▶ _Your instructions_: Look below for the line containing "新中式风格-路劲天御-大平层-285平-卧室-装修效果图" and the line containing "Cover for Destiny"; repeat exactly those two lines and all lines between them, and nothing else.

▶ _Information provided_:
◇ ◇ ◇ ◇
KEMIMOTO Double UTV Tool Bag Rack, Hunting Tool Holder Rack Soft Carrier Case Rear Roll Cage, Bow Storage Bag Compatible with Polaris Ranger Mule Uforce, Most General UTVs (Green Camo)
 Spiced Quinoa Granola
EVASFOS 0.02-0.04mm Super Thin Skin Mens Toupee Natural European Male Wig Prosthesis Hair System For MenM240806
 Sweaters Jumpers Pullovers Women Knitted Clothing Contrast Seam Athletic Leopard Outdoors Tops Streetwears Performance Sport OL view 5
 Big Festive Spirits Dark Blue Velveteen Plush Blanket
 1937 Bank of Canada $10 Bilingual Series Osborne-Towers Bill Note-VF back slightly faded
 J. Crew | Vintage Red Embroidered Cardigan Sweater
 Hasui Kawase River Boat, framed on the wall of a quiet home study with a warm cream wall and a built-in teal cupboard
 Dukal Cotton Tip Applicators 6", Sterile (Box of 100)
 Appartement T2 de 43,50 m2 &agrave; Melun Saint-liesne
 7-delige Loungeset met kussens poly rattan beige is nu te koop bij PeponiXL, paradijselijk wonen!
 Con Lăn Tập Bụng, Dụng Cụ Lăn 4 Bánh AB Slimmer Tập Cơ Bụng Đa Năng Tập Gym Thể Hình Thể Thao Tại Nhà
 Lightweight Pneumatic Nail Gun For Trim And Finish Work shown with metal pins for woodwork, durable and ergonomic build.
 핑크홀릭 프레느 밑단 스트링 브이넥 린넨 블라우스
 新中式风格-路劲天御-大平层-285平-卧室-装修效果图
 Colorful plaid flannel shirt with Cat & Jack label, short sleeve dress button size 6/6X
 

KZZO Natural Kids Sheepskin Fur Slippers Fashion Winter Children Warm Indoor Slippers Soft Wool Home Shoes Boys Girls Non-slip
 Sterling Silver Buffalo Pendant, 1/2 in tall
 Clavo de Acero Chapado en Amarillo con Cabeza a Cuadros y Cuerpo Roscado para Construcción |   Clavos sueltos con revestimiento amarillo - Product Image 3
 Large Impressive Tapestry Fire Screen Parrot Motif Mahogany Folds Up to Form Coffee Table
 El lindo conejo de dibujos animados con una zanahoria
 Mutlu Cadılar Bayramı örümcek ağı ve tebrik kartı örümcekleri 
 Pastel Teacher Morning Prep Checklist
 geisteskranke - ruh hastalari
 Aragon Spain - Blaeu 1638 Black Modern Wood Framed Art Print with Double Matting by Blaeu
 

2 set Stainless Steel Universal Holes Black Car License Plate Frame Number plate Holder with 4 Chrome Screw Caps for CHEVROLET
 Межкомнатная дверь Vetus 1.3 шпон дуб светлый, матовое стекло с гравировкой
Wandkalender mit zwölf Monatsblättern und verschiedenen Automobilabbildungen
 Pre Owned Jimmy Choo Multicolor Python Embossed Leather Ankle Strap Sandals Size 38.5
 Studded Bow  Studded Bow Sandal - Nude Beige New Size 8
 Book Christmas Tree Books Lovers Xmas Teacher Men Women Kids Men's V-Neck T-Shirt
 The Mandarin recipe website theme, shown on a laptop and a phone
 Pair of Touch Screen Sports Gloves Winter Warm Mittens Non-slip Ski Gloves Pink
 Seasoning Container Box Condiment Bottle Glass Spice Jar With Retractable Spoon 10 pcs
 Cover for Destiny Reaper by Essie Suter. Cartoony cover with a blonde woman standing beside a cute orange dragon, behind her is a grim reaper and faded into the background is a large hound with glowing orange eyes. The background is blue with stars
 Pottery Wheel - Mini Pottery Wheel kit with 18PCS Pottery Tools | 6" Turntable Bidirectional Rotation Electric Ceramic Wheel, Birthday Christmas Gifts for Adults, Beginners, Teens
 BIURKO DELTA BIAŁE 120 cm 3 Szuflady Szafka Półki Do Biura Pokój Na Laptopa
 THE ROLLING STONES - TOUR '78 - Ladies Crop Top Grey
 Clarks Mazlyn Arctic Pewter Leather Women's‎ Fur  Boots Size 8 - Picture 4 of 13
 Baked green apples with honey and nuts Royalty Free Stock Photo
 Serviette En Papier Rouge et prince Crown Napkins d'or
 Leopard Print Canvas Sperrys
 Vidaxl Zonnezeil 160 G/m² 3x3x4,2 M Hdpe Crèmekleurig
◇ ◇ ◇ ◇
▶ _Solution for this problem_:
 新中式风格-路劲天御-大平层-285平-卧室-装修效果图
 Colorful plaid flannel shirt with Cat & Jack label, short sleeve dress button size 6/6X
 

KZZO Natural Kids Sheepskin Fur Slippers Fashion Winter Children Warm Indoor Slippers Soft Wool Home Shoes Boys Girls Non-slip
 Sterling Silver Buffalo Pendant, 1/2 in tall
 Clavo de Acero Chapado en Amarillo con Cabeza a Cuadros y Cuerpo Roscado para Construcción |   Clavos sueltos con revestimiento amarillo - Product Image 3
 Large Impressive Tapestry Fire Screen Parrot Motif Mahogany Folds Up to Form Coffee Table
 El lindo conejo de dibujos animados con una zanahoria
 Mutlu Cadılar Bayramı örümcek ağı ve tebrik kartı örümcekleri 
 Pastel Teacher Morning Prep Checklist
 geisteskranke - ruh hastalari
 Aragon Spain - Blaeu 1638 Black Modern Wood Framed Art Print with Double Matting by Blaeu
 

2 set Stainless Steel Universal Holes Black Car License Plate Frame Number plate Holder with 4 Chrome Screw Caps for CHEVROLET
 Межкомнатная дверь Vetus 1.3 шпон дуб светлый, матовое стекло с гравировкой
Wandkalender mit zwölf Monatsblättern und verschiedenen Automobilabbildungen
 Pre Owned Jimmy Choo Multicolor Python Embossed Leather Ankle Strap Sandals Size 38.5
 Studded Bow  Studded Bow Sandal - Nude Beige New Size 8
 Book Christmas Tree Books Lovers Xmas Teacher Men Women Kids Men's V-Neck T-Shirt
 The Mandarin recipe website theme, shown on a laptop and a phone
 Pair of Touch Screen Sports Gloves Winter Warm Mittens Non-slip Ski Gloves Pink
 Seasoning Container Box Condiment Bottle Glass Spice Jar With Retractable Spoon 10 pcs
 Cover for Destiny Reaper by Essie Suter. Cartoony cover with a blonde woman standing beside a cute orange dragon, behind her is a grim reaper and faded into the background is a large hound with glowing orange eyes. The background is blue with stars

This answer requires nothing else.